I have seen many complex and convoluted "greening up" algorithms discussed on the forums. Here is the logic behind my greening up algorithm to help you along. Of course, this algorithm is for bot traders writing their own software. Manual traders will use the greening up function provided by their third party software.

Some algorithms that I know of for greening up in horse race trading utilise all the horses in a race, regardless of whether or not they were traded. This is not necessary. You need only balance the horses that you have traded.

The process is simply a matter of greening up each horse that you have traded individually. To do this we keep a track of all the trades we have made and calculate the average back and lay price for each traded horse and the volume traded. This gives us three figures; the average price backed, the average priced layed and profit/loss.

profit = (sum back prices * back volume) - (sum lay prices * lay volume)

The resulting value is positive for a profit and negative for a loss.

For example, if we back a horse at average odds of 3.5 with £100 volume then we will need to lay the horse for £102.94 if the odds are at 3.4 (see following image - click to enlarge) so that we distribute the £10 profit for that horse across the entire field.

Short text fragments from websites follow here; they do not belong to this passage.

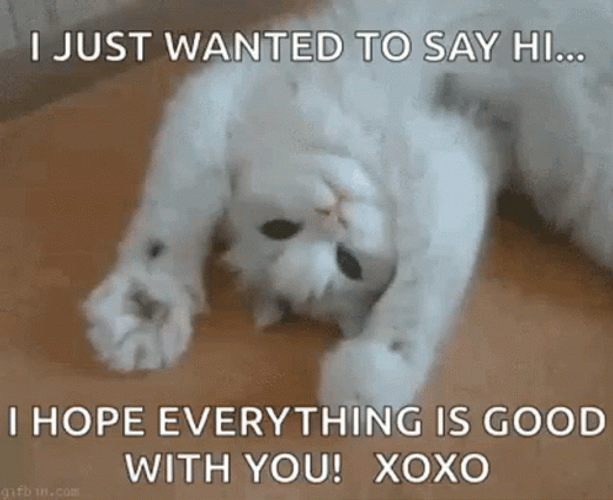 Lazy Cat Just Saying Hi GIF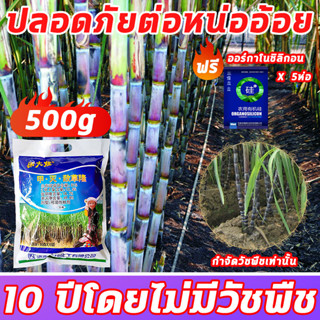 🔥วัชพืชลีบหมด🔥XHS สารกำจัดวัชพืช ยาคุมหญ้า ยาฆ่าหญ้าเผาไหม้ 500g รุ่นเข้มข้น ใช้สำหรับกำจัดวัชพืชในไร่อ้อย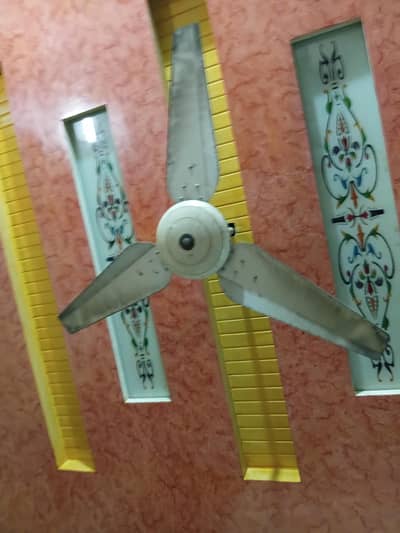 Fan .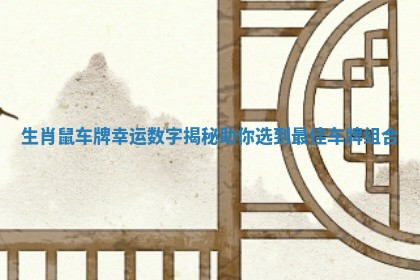 生肖鼠车牌幸运数字揭秘助你选到最佳车牌组合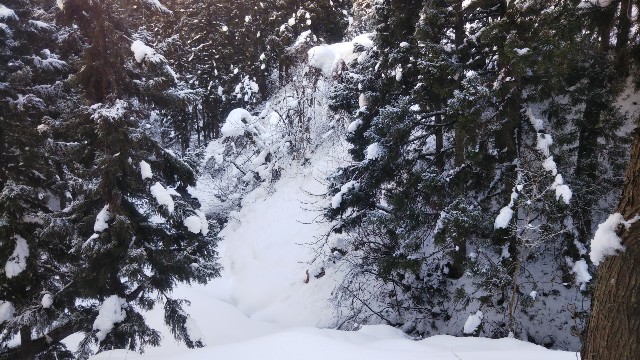 f:id:jp7qma:20220126103037j:image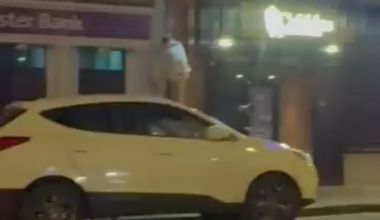 Newry Spiderman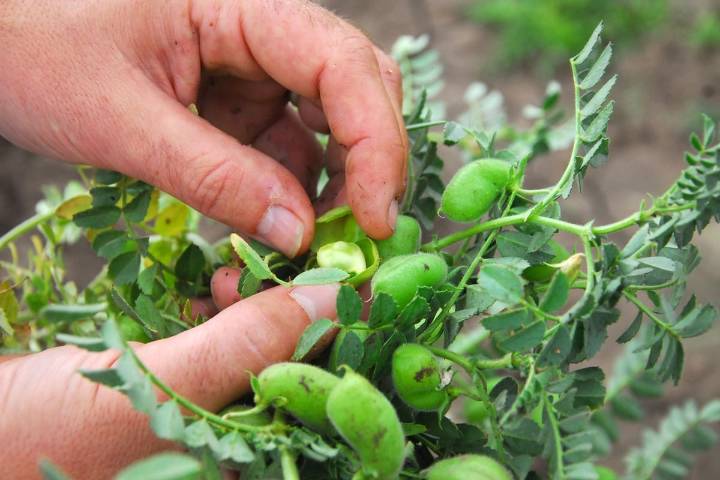 Multas millonarias. Recrudeció un conflicto entre productores del norte y un organismo oficial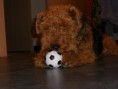 /album/fotogalerie-fotogalerie2/a549435-426285794049200-1722637770-n-jpg1/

The equation for reversing a trade and greening at the same time is given by

lay amount = backed amount +  (back profit / lay odds)

or

back amount = layed amount - (lay profit / back odds)

If you backed first then you use the lay amount equation to green up and if you layed first then you use the back amount equation to green up.

We have two choices with regards to greening a horse; we can either green as we go or leave it to the end. Manual traders nearly always green up at the end because it makes trading easier. A manual trader will back and lay in £100 sums because there are no calculations to make until the end. Also, if they are using third party software then the software will green the position for them when required. For bot programmers I would recommend greening up as you go. The advantage is that if a position turns after you have closed the trade then you will get a better price to green with and make slightly more profit.

We shall now add two more horses traded in the same race; one with a positive profit and one with a negative profit. Again we shall green them individually (see following images - click to enlarge).

The runner above was a losing trade (£100 backed and layed for a £10 liability) and so we spread the risk amongst all the runners with the following calculation,

balance a loss = (loss / back odds)

The value given is then used to place another back trade and thus spread the loss across the field.

Our third runner traded is another winning trade of £20. Here we have backed the horse for £100 and layed off for £107.69 and distribute the profit across the field.

Even though all of these trades are greened up individually, when combined they give us a balanced book (see following image - click to enlarge). Note that not all horses give the same profit. This is due to rounding and the fact that the smallest amount you can bet is 1p. I advise you to round your bet amount figures to the nearest 2nd decimal place as the API does not accept betting with fractions of a penny.

Using the Betfair API it is a simple task to add each new completed bet to a running total for each runner that gives a volume weighted average price, total volume traded and profit. With these figures it is easy to calcuate the exact size of bet for the closing leg of your trade. You can also carry out "what if" scenarios and have pre-sized trigger bets to build volume with a desired profit. Of course, you can mess around with the equations, if you so wish, to place all the profit on one horse and break-even on all the others or have a small amount of risk on one or more horses. However, unless you have inside information then market efficiency suggests that you have a balanced book.